-- Information given --
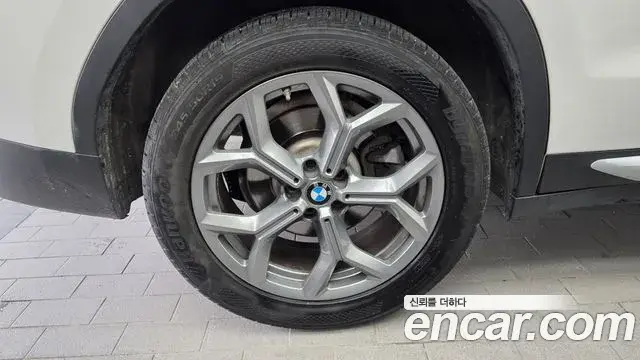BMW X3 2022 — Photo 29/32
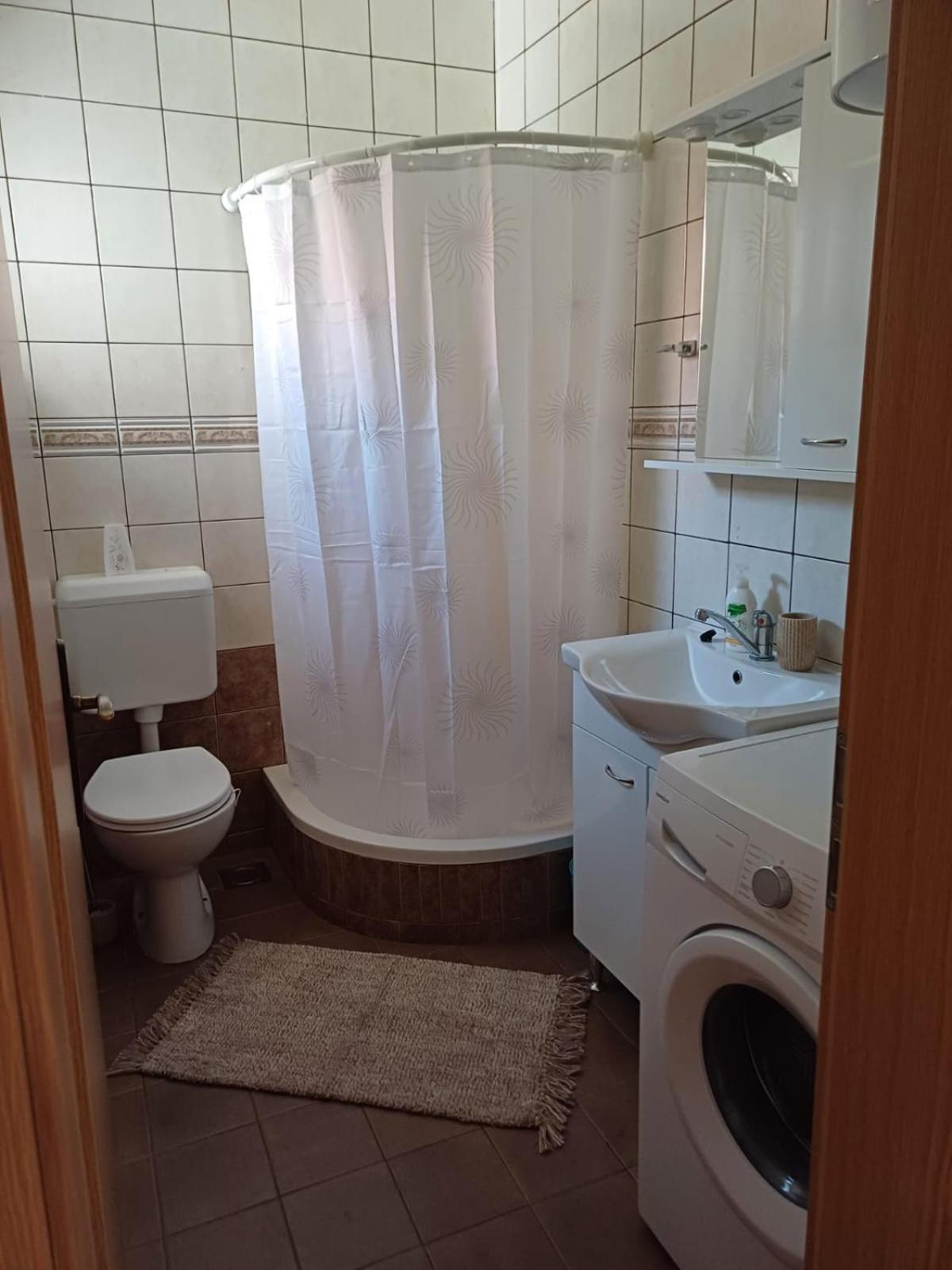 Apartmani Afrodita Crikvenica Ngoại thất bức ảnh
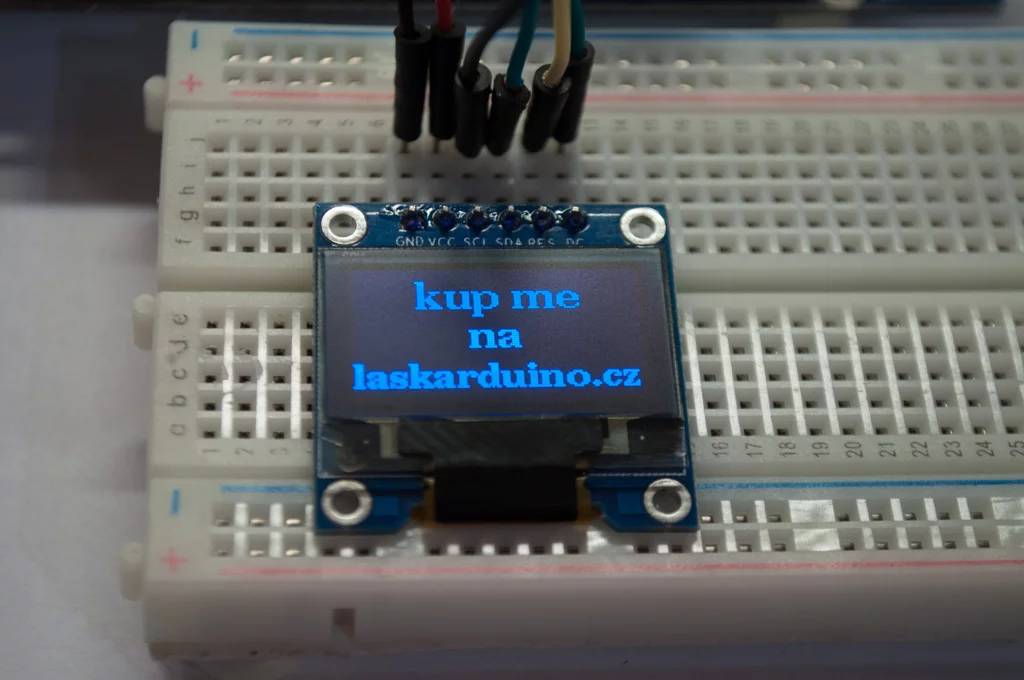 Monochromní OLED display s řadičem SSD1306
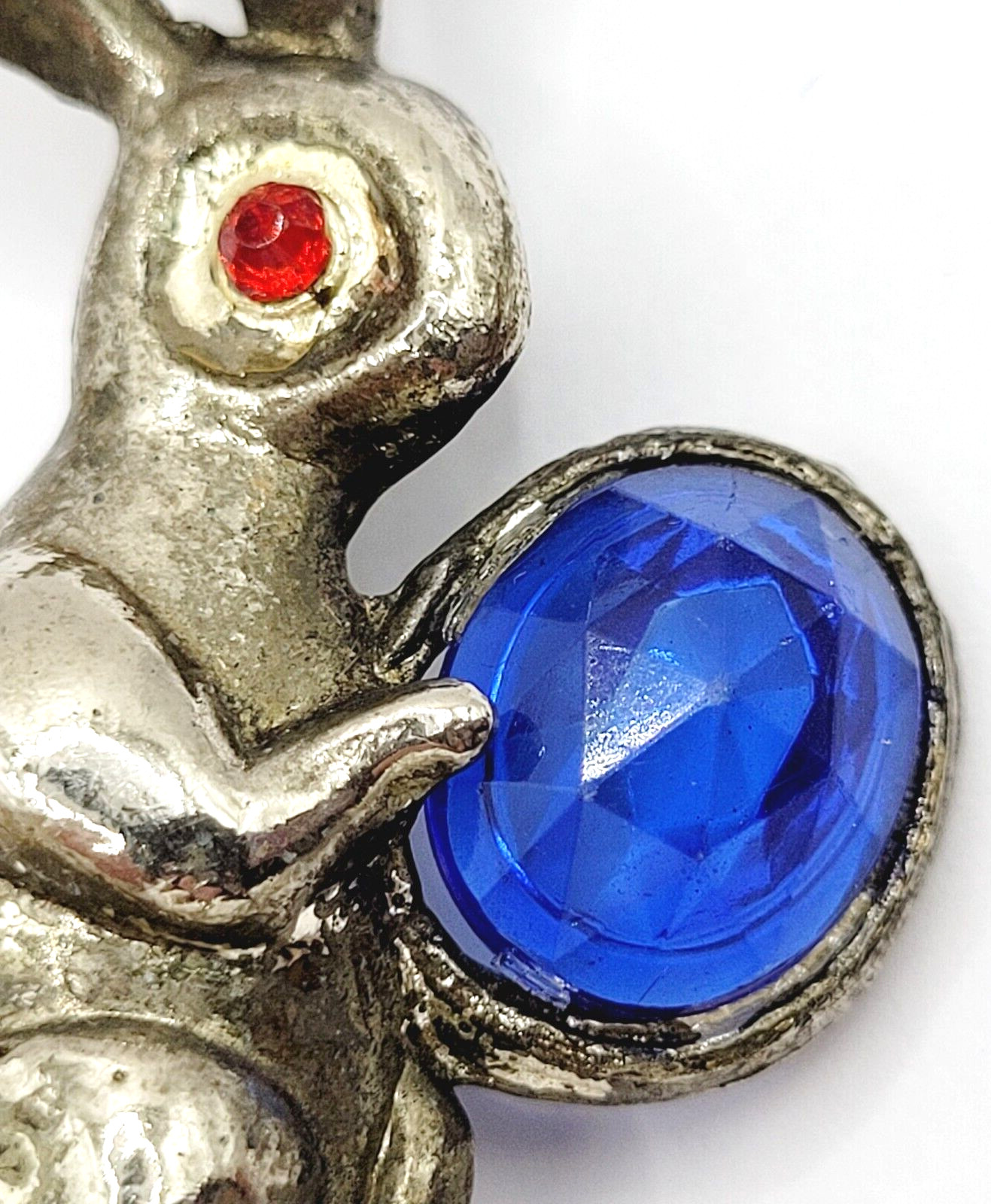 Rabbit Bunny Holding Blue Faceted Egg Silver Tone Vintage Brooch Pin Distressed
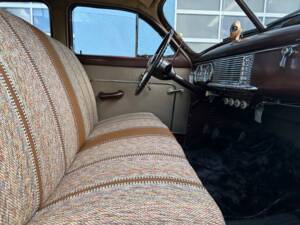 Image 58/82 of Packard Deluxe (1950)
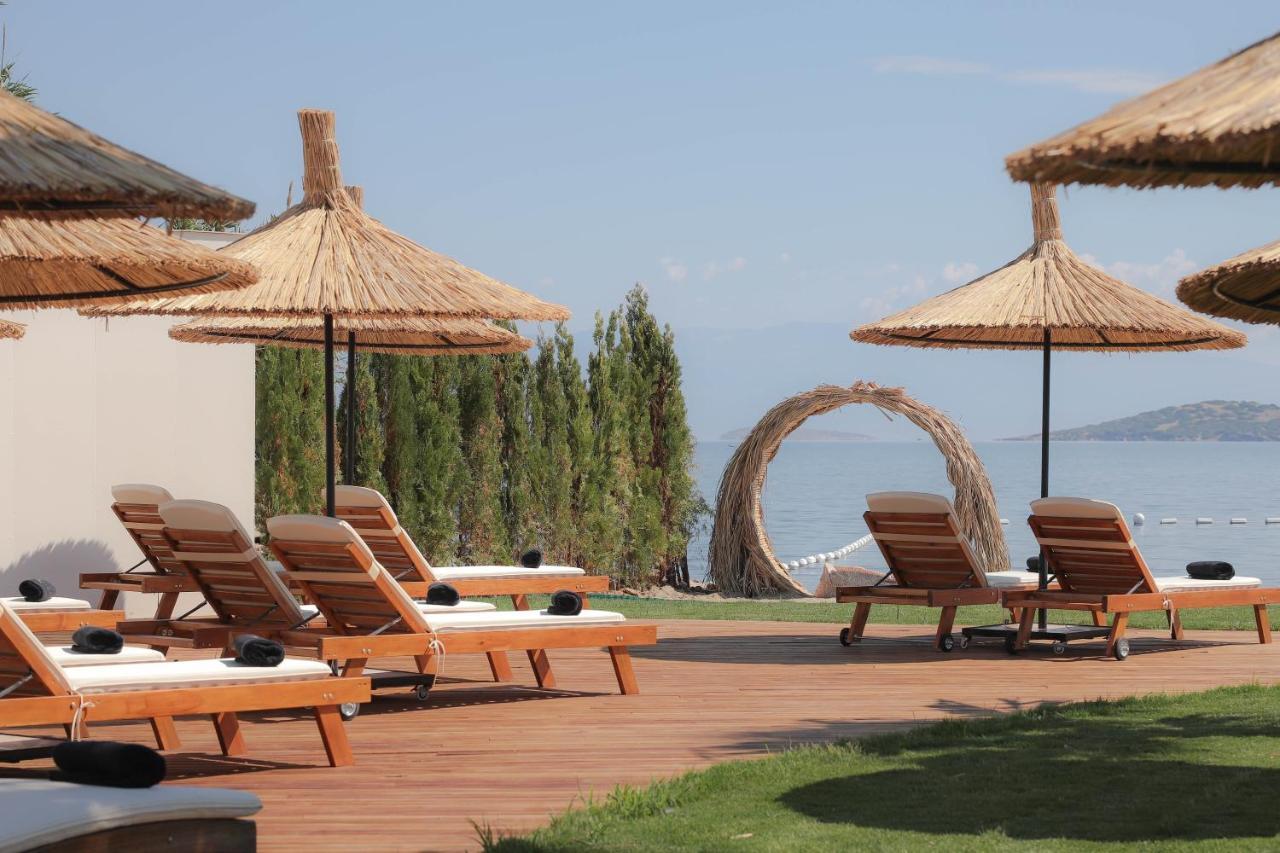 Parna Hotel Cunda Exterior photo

-- Exercise goal --
Print each record exactly as it stands, omitting the pictures.

-- Written answer --
BMW X3 2022 — Photo 29/32
 Apartmani Afrodita Crikvenica Ngoại thất bức ảnh
 Monochromní OLED display s řadičem SSD1306
 Rabbit Bunny Holding Blue Faceted Egg Silver Tone Vintage Brooch Pin Distressed
 Image 58/82 of Packard Deluxe (1950)
 Parna Hotel Cunda Exterior photo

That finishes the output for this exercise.